Flaws, Fallacies, and Faux-Peace

"Settlers Who Long to Leave the West Bank"
A6, Friday, 11/14/08
By Ethan Bronner

The article focuses on highlighting the numerous Jewish residents who are willing to leave the West Bank in support of a Two-State Solution with the Palestinians. According to Bronner, many of them are unable to do so because they cannot sell their homes for a reasonable price given the declining real estate values in the area. In this regard, he presents a proposed governmental initiative, "One Home," led by the left-wing Meretz Party, which would allocate funds to purchase the homes of settlers who are willing to relocate to Israel "proper" (within the 1949 Armistice Lines, also known as the "Green Line").

Positively, the article does two things. Firstly, it breaks from the common, all-encompassing demonization of the settlers as extremists that seek to subjugate the Palestinians (although one does not need to desire to leave the West Bank in order to be a 'moderate' settler). Secondly, it does something to differentiate between the settlements to the West of the security barrier - perhaps the more 'reasonable' settlements - to the settlements that are not included within it to the East.

Nevertheless, some of the premises of the article are deeply flawed. One of central assumptions of the article is that "the vast majority of settlers vow never to abandon the heart of the historic Jewish homeland." While many Jews, including those living outside the West Bank, feel a very strong attachment to this historic land where a great number of the events of the Old Testament took place, Bronner makes a careless generalization.

He ignores the great numbers of Israeli Jews who live in some of the largest West Bank settlements for economic and other non-religious reasons in places such as Ma'aleh Adumim, a de facto 'suburb' of Jerusalem, and Ariel, further up North. His statement would have been more accurate in relation to those settlements to the East of the security barrier. Even then though, this weak generalization would be contradicted by the statement of Avshalom Vilan, a Meretz Parliamentary member: “Half the settlers beyond the barrier are ideologically motivated and do not want to move. But about 40 percent of them are ready to go for a reasonable price.”

A second failed premise upon which this article operates, given its exclusive focus on Israeli actions, is that there is a willing peace partner in Mahmoud Abbas' Fatah Party. Bronner continues the fallacy that Israel needs to further strengthen Fatah (largely debunked by Natan Sharansky in The Case for Democracy) and that "The [Palestinian] authority is trying to convince the Palestinian public that two states are possible." The latter statement is bad comedy given the lack of evidence that the PA is preparing the groundwork for a peaceful resolution with Israel. In fact, the PA has continued incitement against Israel and has been generally uncompromising, even threatening a return to the old paradigm of the one-state solution.

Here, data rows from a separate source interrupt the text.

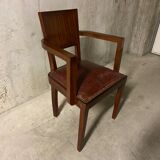 Bridge armchair 40s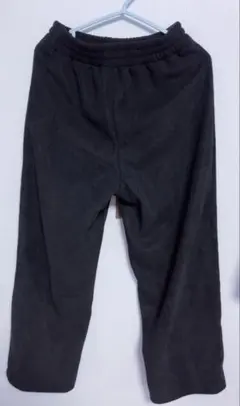 スウェットパンツ 裏起毛 ブラック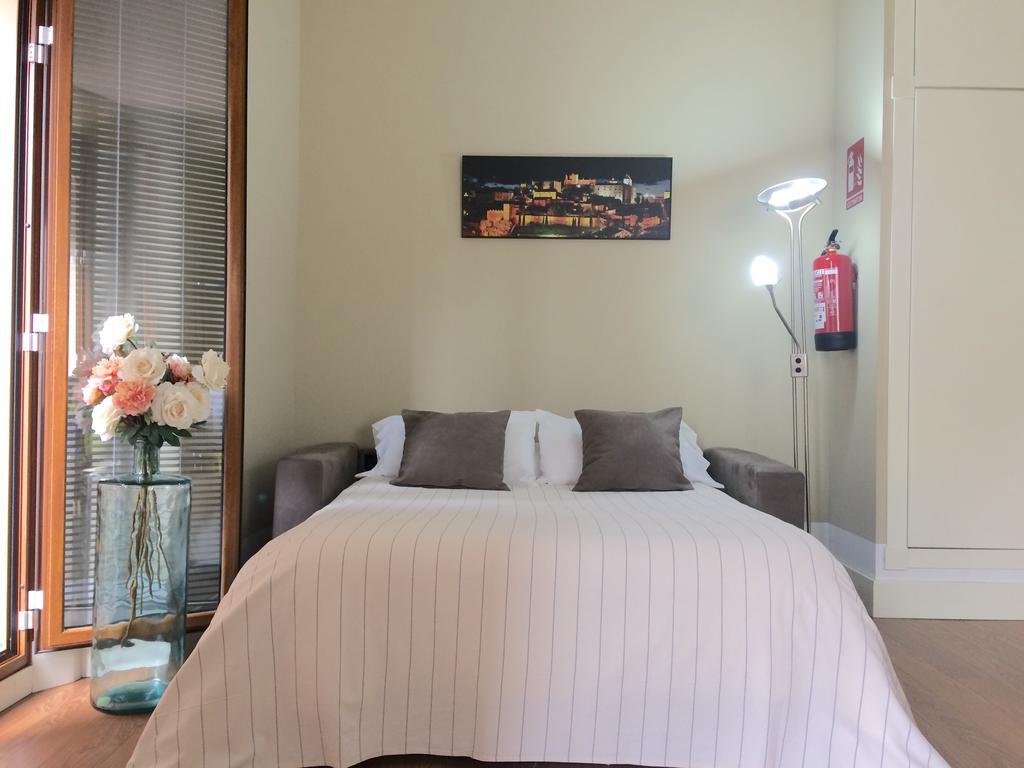 Caesarina Apartment Caceres Bagian luar foto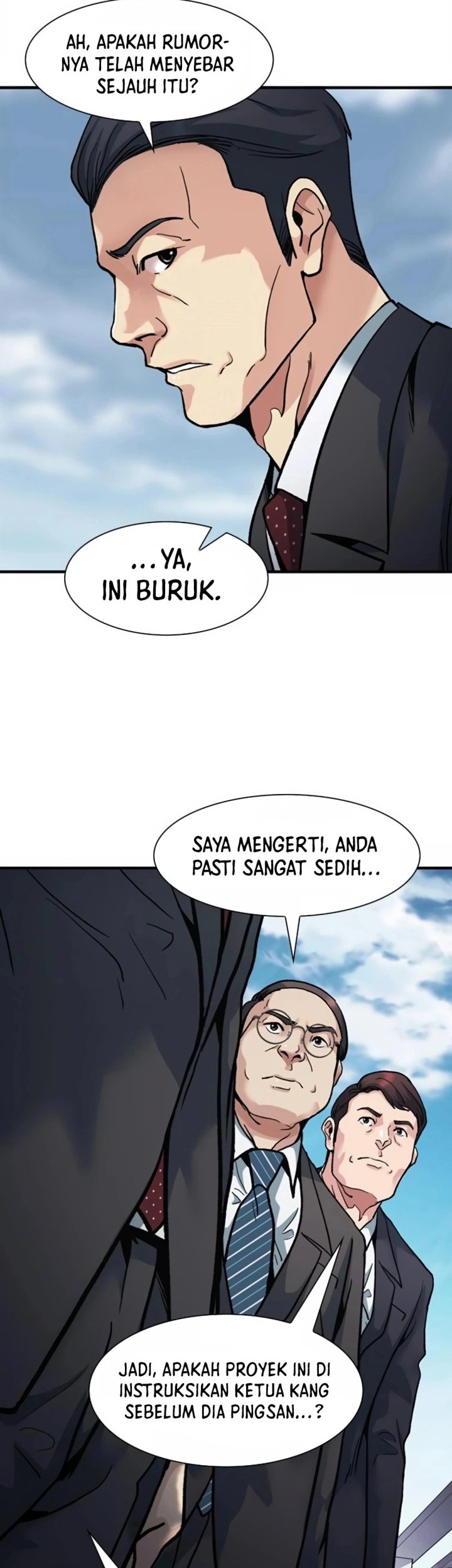 Chairman Kang, The New Employee Chapter 13 - halaman 54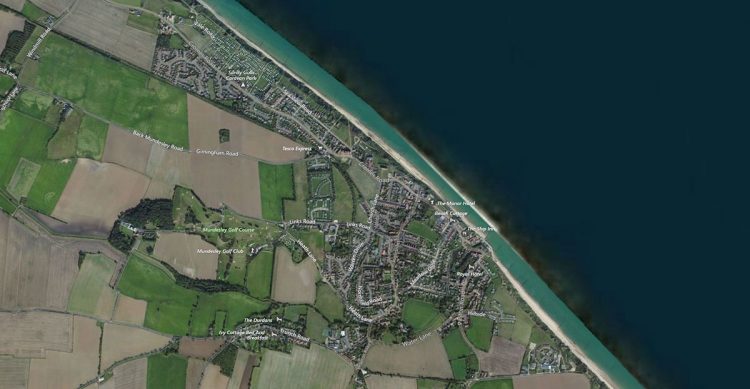 mundesley beach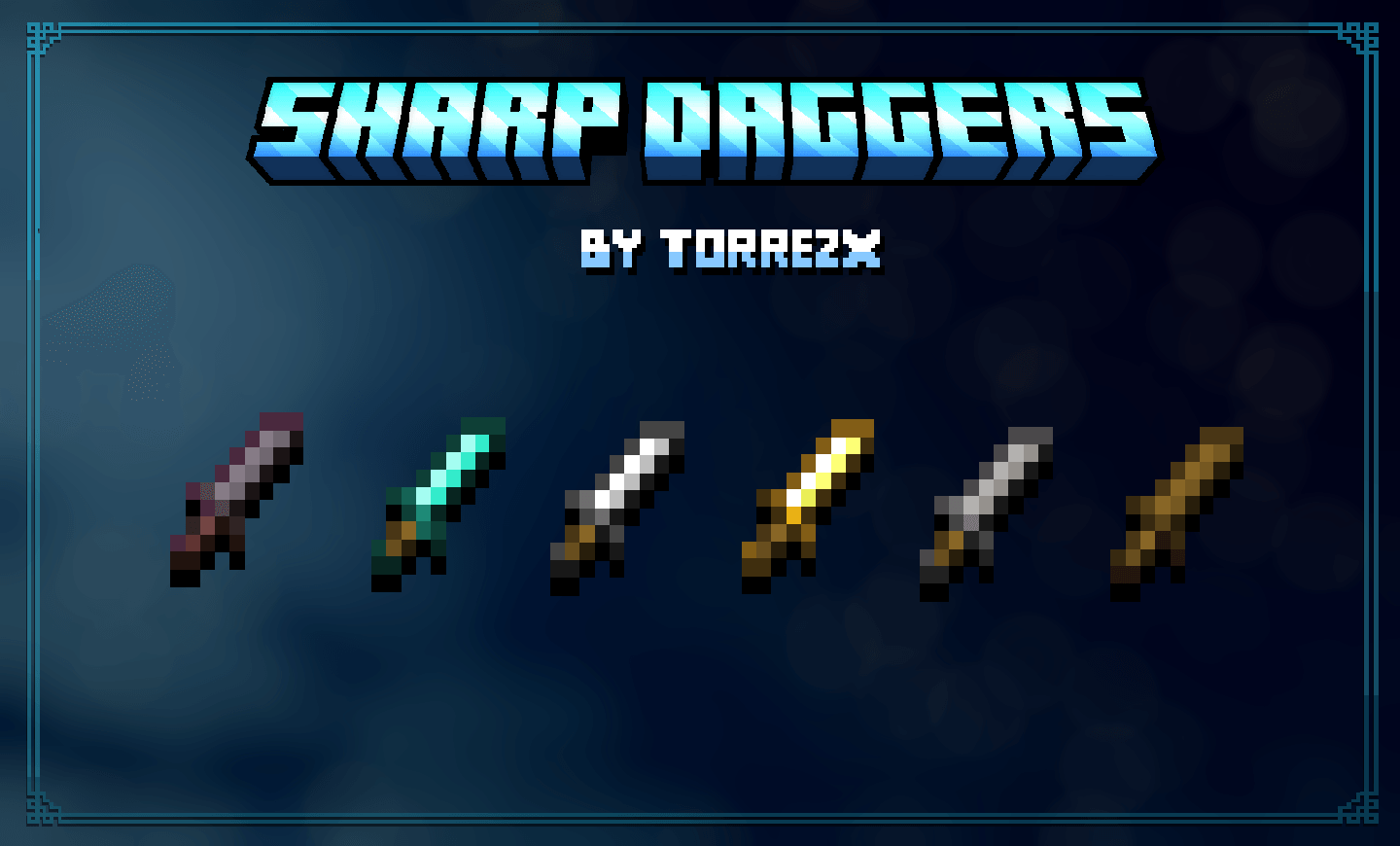 Torrezx-Sharp dagger - Minecraft Resource Packs - CurseForge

Overall, this piece underscores the NYT's position that Israel should withdraw to the now sacrosanct Green Line (including even long-standing Jewish neighborhoods in 'East Jerusalem') and even more problematically, implies that a future Palestinian state will be devoid of any Jewish population. If the Palestinian leadership would be unable to accept any Jewish presence within its borders, what would it intimate about such a Palestinian government or the nature of that peace? Such a government would doubtfully be pluralistic or democratic, which bodes ill for Israelis and Palestinians alike.